Par le passé, une dispute avait éclaté sur la manière dont la profession de foi en Jésus Christ en tant que Fils de Dieu pouvait être conciliée avec la croyance en un Dieu unique.
Nicée, sur le chemin de l’unité
L’Église d’Orient était déchirée par la propagation de l’arianisme, doctrine répandue par Arius, le prêtre d’Alexandrie qui niait que le Verbe de Dieu était Dieu lui-même. L’empereur Constantin, voyant dans ce conflit une menace à son projet de consolider l’unité de l’Empire basée sur l’unité de la foi chrétienne, décida de convoquer le premier concile œcuménique dans la ville de Nicée, en Asie mineure, non loin de Constantinople. Ainsi, le but de ce concile fut d’établir l’unité d’une Église en proie à son premier conflit interne majeur. Tous se mirent d’accord pour définir que le Verbe de Dieu, Jésus Christ, était consubstantiel au Père : « Dieu né de Dieu ». Les évêques réunis autour de l’empereur Constantin ont souhaité « définir la foi pour proclamer le salut en Jésus Christ vrai Dieu », rappelle le père Jérôme Bascoul, vicaire épiscopal pour l’œcuménisme à Paris. « Le symbole de la foi de Nicée permit donc de proclamer l’unité de l’Église dans une même foi salvifique et de donner une assise sociale à la foi chrétienne qui allait aussi devenir le critère de l’unité politique de l’empire chrétien et le garant de sa cohésion » poursuit le père Bascoul. Dès lors, les conciles, que l’on appellera œcuméniques, c’est-à-dire concernant tout l’empire, toute la chrétienté, pour les différencier des conciles ou synodes locaux et régionaux, « donnaient une garantie pour le peuple de Dieu qui pouvait communier à une même foi », ajoute le père Bascoul.
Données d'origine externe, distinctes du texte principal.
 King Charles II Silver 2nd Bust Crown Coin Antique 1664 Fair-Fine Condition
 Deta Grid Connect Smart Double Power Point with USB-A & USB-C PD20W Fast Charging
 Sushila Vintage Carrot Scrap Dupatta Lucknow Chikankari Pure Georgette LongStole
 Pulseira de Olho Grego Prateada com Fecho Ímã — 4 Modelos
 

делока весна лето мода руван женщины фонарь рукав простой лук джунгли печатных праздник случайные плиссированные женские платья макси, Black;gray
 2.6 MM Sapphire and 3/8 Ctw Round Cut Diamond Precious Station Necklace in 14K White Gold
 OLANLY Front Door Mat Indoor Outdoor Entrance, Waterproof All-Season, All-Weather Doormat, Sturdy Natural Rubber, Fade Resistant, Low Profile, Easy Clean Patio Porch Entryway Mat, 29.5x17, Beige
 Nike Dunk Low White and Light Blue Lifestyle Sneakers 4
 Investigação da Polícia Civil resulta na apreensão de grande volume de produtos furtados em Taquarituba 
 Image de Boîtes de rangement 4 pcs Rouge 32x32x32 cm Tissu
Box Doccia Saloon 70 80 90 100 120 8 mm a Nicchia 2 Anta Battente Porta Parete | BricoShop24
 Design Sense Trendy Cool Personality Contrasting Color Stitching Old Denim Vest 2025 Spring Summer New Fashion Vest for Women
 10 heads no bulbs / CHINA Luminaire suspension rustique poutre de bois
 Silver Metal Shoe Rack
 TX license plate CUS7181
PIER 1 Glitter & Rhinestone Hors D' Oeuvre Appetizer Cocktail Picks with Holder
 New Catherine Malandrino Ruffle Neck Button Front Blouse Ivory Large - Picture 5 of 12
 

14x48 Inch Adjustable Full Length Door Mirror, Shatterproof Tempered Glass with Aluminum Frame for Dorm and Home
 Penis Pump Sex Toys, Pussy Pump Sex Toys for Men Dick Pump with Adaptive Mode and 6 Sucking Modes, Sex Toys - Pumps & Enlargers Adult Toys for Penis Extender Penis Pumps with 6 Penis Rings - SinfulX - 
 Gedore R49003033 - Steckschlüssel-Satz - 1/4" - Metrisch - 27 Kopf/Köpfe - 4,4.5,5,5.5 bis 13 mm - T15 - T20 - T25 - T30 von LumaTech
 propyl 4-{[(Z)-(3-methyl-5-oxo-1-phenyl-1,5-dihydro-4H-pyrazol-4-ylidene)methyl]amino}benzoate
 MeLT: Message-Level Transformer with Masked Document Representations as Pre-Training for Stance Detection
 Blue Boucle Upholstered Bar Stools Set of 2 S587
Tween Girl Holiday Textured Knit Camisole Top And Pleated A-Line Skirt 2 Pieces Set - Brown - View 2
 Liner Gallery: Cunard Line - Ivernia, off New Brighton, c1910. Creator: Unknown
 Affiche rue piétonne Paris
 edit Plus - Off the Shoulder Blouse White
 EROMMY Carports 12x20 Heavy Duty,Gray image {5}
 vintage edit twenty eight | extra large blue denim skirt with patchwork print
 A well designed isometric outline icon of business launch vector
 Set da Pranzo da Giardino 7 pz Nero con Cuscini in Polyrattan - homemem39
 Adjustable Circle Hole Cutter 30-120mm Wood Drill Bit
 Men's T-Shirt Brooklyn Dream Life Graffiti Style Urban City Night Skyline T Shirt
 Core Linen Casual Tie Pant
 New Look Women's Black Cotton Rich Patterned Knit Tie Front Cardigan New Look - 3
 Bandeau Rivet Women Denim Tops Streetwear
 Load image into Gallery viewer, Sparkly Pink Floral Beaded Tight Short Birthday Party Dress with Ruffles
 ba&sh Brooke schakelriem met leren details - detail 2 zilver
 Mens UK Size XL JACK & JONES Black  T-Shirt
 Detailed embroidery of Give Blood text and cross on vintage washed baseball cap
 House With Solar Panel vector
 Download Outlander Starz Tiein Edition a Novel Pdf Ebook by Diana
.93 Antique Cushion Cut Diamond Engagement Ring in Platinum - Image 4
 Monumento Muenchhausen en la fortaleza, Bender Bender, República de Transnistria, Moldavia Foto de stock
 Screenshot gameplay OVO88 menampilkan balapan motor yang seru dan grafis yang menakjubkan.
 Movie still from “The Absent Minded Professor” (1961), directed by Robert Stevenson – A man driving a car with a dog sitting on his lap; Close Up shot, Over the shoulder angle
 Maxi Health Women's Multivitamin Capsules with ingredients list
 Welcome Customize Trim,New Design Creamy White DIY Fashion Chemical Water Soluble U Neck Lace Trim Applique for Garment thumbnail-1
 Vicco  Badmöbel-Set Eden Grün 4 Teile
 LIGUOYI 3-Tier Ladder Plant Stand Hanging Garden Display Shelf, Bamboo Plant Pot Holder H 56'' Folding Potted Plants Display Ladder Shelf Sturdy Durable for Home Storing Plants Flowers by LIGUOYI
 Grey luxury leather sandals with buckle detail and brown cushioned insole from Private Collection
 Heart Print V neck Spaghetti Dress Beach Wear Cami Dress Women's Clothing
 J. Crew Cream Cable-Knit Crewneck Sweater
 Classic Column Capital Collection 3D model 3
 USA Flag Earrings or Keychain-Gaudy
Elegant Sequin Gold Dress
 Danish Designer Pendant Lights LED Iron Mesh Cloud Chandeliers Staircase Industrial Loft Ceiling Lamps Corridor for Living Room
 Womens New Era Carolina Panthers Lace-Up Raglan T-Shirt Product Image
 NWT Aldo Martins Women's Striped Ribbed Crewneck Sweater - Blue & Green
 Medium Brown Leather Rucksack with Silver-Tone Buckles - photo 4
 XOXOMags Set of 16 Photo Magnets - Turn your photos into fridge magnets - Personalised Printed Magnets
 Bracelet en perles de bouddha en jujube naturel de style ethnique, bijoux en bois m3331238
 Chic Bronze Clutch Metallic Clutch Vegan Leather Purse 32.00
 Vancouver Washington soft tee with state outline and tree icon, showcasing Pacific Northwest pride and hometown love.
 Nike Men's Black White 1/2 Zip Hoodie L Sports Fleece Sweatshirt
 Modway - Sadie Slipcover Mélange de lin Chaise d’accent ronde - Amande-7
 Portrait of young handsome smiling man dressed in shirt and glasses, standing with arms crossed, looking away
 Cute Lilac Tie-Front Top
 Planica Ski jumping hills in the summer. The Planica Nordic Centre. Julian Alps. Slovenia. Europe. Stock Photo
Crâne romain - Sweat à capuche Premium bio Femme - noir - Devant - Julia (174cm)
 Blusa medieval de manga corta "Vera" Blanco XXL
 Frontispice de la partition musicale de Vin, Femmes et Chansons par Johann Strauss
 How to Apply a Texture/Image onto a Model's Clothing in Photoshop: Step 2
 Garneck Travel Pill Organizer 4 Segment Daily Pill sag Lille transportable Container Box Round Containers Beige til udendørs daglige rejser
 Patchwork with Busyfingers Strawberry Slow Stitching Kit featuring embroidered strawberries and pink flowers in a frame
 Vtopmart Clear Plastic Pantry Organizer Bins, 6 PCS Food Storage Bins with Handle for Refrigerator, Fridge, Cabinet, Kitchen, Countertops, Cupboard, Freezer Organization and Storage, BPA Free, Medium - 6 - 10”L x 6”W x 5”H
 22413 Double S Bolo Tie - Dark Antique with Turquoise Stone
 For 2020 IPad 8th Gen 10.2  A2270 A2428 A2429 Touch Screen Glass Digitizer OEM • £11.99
Le Credo de Nicée est devenu la base de la foi chrétienne commune et unit encore aujourd’hui toutes les Églises et communautés ecclésiales chrétiennes. Le concile de Nicée avait aussi mission d’établir l’uniformité de la date de Pâques.
La dernière date commune remonte à 2017, il y a 8 ans. Les Latins et Occidentaux conservent le principe, adopté à Nicée, de fixation de la date de Pâques au dimanche qui suit la pleine lune de l’équinoxe de printemps. Mais la réforme grégorienne adoptée en 1582 pour corriger le décalage entre le calendrier et le cycle solaire n’a pas été adoptée en Orient. « Cette concordance des dates n’est donc pas en principe une question théologique, mais de vérité astro-
nomique », explique le père Bascoul.
L’effort œcuménique
L’unité des chrétiens concerne l’Église tout entière, fidèles et pasteurs, et touche chacun aussi bien dans la vie quotidienne que dans les recherches plus théologiques et historiques. C’est ainsi que la rencontre, prophétique, entre Paul VI et le patriarche de Constantinople, le 5 janvier 1964, à Jérusalem, restaura les possibilités d’un dialogue et permit aux théologiens de reconsidérer les différends théologiques, de la primauté pontificale et du Filioque (« Il procède du Père et du Fils » = Filioque en latin). Le Filioque fut l’objet d’une polémique entre chrétiens d’Orient et d’Occident qui conduisit à la rupture entre l’Église catholique d’un côté et l’Église orthodoxe de l’autre. « Ces deux mots, catholique et orthodoxe, n’étant plus des qualificatifs de l’unique Église du Christ mais l’expression de sa division », déplore le père Bascoul.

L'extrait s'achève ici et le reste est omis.